Hoy bajamos un poco mas al sur, a setenta kilómetros de Turmi, hacia Omorate, la ultima ciudad etíope antes de llegar a la frontera con Kenia. En esta zona habitan los Dasanech, otra tribu de las que pueblan esta zona.

Antes que nada, hay que cruzar el rio Omo, hace unos años, aquí se construyó un puente, un hombre de negocios lo financió para poder explotar unas minas al otro lado del rio, creo que el puente resistió en pie el tiempo de que pasara un camión, se hundió antes de que pasara el segundo. Mal construido o mal calculado, no lo se, lo cierto es que era el único puente existente en toda la zona y ya solo quedan los restos de hierros retorcidos, así que si se quiere cruzar el rio para ir al poblado Dasanech, no hay otra forma de hacerlo que la de siempre, en canoas construidas vaciando un tronco y después de pagar el precio del viaje.

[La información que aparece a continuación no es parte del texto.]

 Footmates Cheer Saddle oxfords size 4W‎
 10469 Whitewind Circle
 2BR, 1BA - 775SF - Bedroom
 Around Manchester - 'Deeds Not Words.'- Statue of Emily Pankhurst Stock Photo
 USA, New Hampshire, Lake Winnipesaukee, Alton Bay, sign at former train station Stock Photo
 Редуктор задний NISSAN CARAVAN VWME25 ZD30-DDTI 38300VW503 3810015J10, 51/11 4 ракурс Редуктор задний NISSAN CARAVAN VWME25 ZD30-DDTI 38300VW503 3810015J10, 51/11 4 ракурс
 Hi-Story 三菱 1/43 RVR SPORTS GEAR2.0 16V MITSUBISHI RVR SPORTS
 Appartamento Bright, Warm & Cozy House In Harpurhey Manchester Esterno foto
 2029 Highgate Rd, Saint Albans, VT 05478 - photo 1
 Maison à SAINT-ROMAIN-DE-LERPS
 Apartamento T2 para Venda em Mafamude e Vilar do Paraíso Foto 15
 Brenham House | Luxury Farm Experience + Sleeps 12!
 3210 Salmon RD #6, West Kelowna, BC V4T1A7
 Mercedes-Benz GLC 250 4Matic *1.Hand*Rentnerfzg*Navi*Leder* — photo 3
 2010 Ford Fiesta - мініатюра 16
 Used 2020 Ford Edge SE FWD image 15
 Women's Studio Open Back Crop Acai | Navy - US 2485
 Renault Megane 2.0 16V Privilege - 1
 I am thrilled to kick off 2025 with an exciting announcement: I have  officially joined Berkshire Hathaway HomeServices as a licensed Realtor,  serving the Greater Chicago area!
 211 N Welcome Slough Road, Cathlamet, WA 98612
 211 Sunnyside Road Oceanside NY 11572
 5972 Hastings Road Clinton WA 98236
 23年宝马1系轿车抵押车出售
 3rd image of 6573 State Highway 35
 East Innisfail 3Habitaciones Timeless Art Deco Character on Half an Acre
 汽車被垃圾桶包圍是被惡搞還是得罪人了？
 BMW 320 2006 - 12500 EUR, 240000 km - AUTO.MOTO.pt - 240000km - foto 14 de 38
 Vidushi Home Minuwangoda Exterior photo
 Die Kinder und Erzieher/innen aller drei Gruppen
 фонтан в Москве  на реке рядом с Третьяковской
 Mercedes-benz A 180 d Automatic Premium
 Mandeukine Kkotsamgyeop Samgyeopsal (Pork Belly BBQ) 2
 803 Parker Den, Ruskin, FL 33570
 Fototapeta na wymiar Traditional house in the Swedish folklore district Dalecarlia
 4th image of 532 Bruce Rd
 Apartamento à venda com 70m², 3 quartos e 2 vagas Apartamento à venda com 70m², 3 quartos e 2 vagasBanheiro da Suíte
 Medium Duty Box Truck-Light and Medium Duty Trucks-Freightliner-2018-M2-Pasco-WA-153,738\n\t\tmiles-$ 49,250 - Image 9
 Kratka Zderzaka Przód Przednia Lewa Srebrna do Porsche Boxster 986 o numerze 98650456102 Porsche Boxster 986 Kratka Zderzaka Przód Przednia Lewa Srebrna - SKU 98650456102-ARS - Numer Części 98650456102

Una vez has cruzado el rio, una corta caminata por el polvoriento llano que domina el paisaje en esta zona, llegas a un pequeño pueblo Dasanech. Si en los poblados Konso, veías una cierta organización dentro de la inevitable precariedad del tipo de construcciones con maderas, paja y barro. Aquí, la sensación de dejadez es aun mas acusada, se respira una indolencia que da al poblado un aire de provisionalidad o mejor dicho, de decadencia un tanto deprimente.

Como es inevitable, las mujeres y niños, posando y pidiendo dinero son un continuo desde que pones el pie en esta orilla del rio y hasta que vuelves a subir a la barca para volver al otro lado.